We are getting our first cows. :bouncy: (I have a separate thread on that topic) I am interested in doing a portable electric system for rotating their grazing pasture. We only will have two mini zebu cows to start. I like the looks of the Smart Fence 2 system. I know it is limited in size, but since our cows eat a lot less than full size cows, I think the size is probably perfect for our needs. (by my estimates, it could completely surround an area roughly 1/8 acre and could be larger in conjunction with existing fencing) To my thinking it looks like it could be worth the extra cost (I am assuming it cost more than piecing a system together ourselves) for the convenience it offers. Anyone have any experience with the Smart Fence or perhaps another system similar? Pros? Cons? Thanks!


----------



## Moboiku (Mar 7, 2014)

We have 3 of the Gallagher Smart Fence units and love them. We are rotational grazing sheep and goats with them, so what we do is use 2 units to set up a strip across our land. After 4 days we take the third fence and make a new fence across. As soon as we open it up, the sheep and goats move into the new graze, and then we take down the first fence. 4 days later repeat....and so on. It is easy for one person to set up and take down. My advice would be a) get an energizer that really delivers a shock - you want them to respect it and b) train them to it by turning them out on it. To train, simply set up inside a permanent fence for a week or two. After you set it up, curiosity will get them to reach out and touch it, usually with their nose. Their natural inclination when they encounter something that "bites" is to run from it. If you set up the fence in the open, they will run through the fence and therefore learn it can be done. Set it up inside a permanent fence and they'll have no choice but to turn tail and run away from it.


----------



## agmantoo (May 23, 2003)

The first thing I see wrong with it is the electric output of the device is too low.
The second thing I see wrong is that if you have any deer in your area the cattle will be out as soon as the deer run through the fence.
I actually think the device is nearly useless. You need a permanent perimeter fence. You could be liable for any damage done by your animals being loose. The overall setup is also too pricey for what you would be getting. A Parmak charger (12 volt USA made) would be a better charger. Buy some pigtail posts ($3 each) and some polywire and put a permanent perimeter fence and rotate your animals inside said fence using the charger, pigtail posts and polywire. These last items will serve you for many years and your animals will remain contained.


----------



## Moboiku (Mar 7, 2014)

agmantoo said:


> The first thing I see wrong with it is the electric output of the device is too low.
> The second thing I see wrong is that if you have any deer in your area the cattle will be out as soon as the deer run through the fence.

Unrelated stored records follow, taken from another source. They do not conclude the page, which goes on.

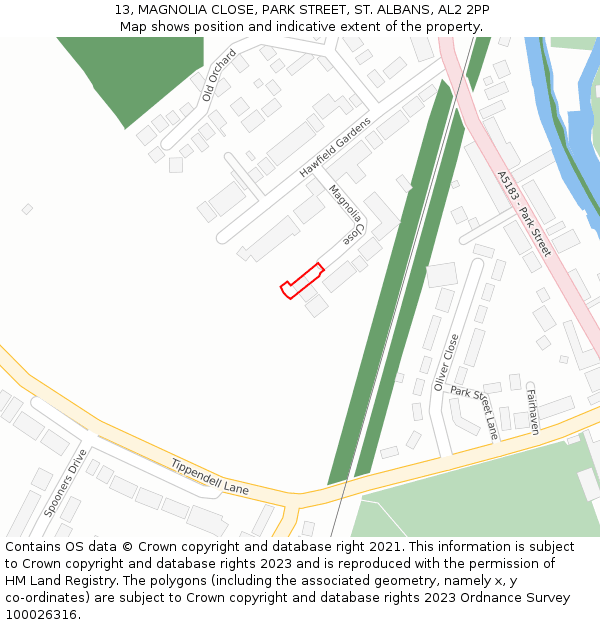 13, MAGNOLIA CLOSE, PARK STREET, ST. ALBANS, AL2 2PP: Location map and indicative extent of plot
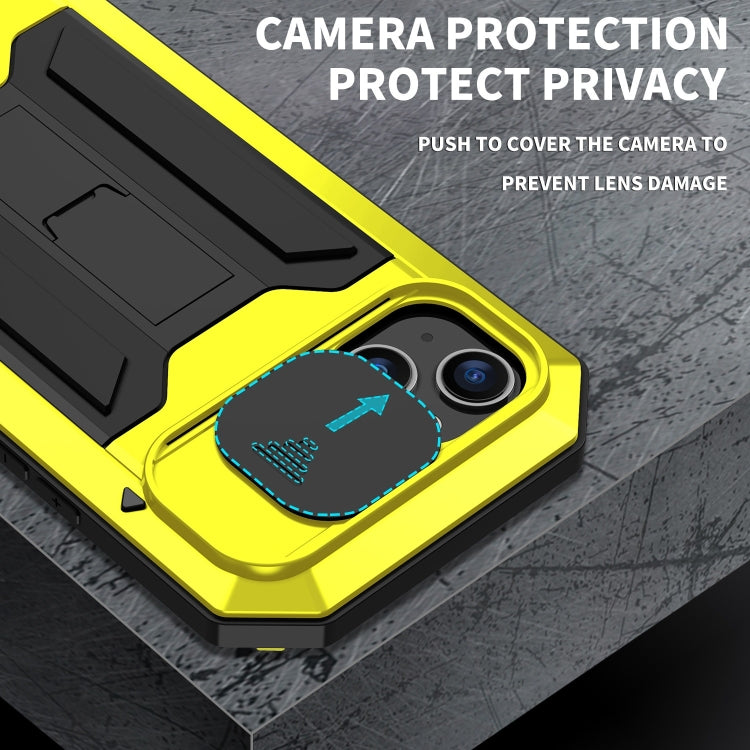 For iPhone 15 Plus R-JUST Sliding Camera Life Waterproof Holder Phone Case(Yellow) - iPhone 15 Plus Cases by R-JUST | Online Shopping UK | buy2fix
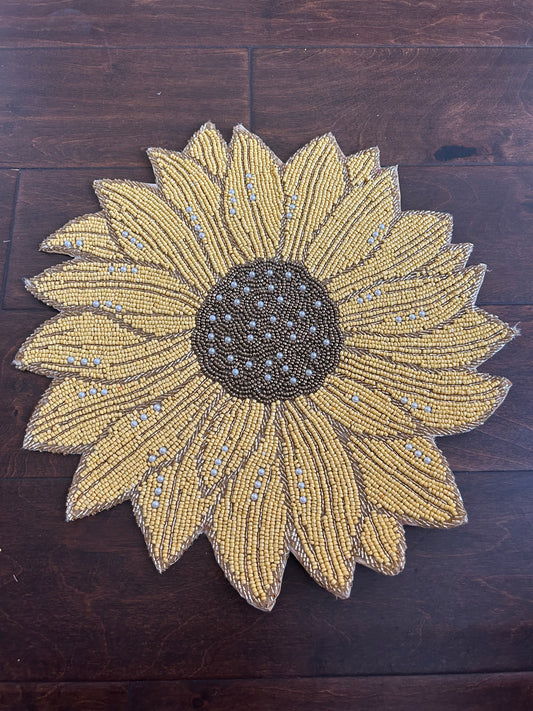 2 Cynthia Rowley Beaded Sunflower Charger New Fall Decor Placemat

The Gallagher Smart Fence itself does not have an electric output. You hook it up to an energizer and that is what provides the electric shock. You can choose any energizer you like. We selected one that is designed to be used on 3 miles of electric fence, so on the 330' of smart fence, it has no problem delivering a good shock no matter how far you are from the energizer.

Deer don't run through the fence. It is visible enough - and deer are able to jump well enough - that they would go over rather than through it. We've had no issues with deer - or anything else - going through ours. And we've had several dogs - ours and neighbors - try to run through it and run off yelping, never to be seen again. One neighbor can no longer even entice her dog to visit our property, even though she was shocked in back and the neighbor is only trying to get the dog to visit the front of our house. Now when the neighbor comes to visit, the dog waits at the top of the driveway for her to return.


----------



## MrsDouglas (Mar 29, 2015)

agmantoo said:


> The second thing I see wrong is that if you have any deer in your area the cattle will be out as soon as the deer run through the fence.


These are our puppies, Luke and Leia. They don't let any wildlife anywhere near us!  



The pasture area we have is already fenced in but while the pasture area is only about 1.5 acres, we have 51 acres total, and the previous owner had the fencing running way up into the wooded hills. We want to keep the cows in the grassy area close to home, rather than turned out to wander the hills.
Here is an overhead of our home and you can see the green pastures in the cleared space.



Moboiku - did you have any problems with your dogs and the electric fence? I hope they didn't run off never to return! That was something I hadn't thought about... what would happen to our dogs... I guess they get trained to stay away from the fence too.


----------



## Moboiku (Mar 7, 2014)

LOL I guess I didn't state that very well. Yes, it was the neighbor's dogs that decided they didn't like our place because "something" here bites. Our own dogs and cats each had to touch the fence once to understand it bites, but as far as I can recall, once for each of them was enough. They didn't leave, since this is home - but they sure respected the fence after that.


----------



## wr (Aug 10, 2003)

In my opinion, electric fencing is something that you use more and in more creative ways as your operation grows so it's not something you want to buy a couple times and a deal now will just cost more later on. 

My family's shop is full of getting by fencers and fencing systems that were intended as a solution to specific situations and when I purchased mine years ago, I bought way more charger than I ever expected I'd need, considering I was just planning on fencing a grassy area between my house and my grandfather's.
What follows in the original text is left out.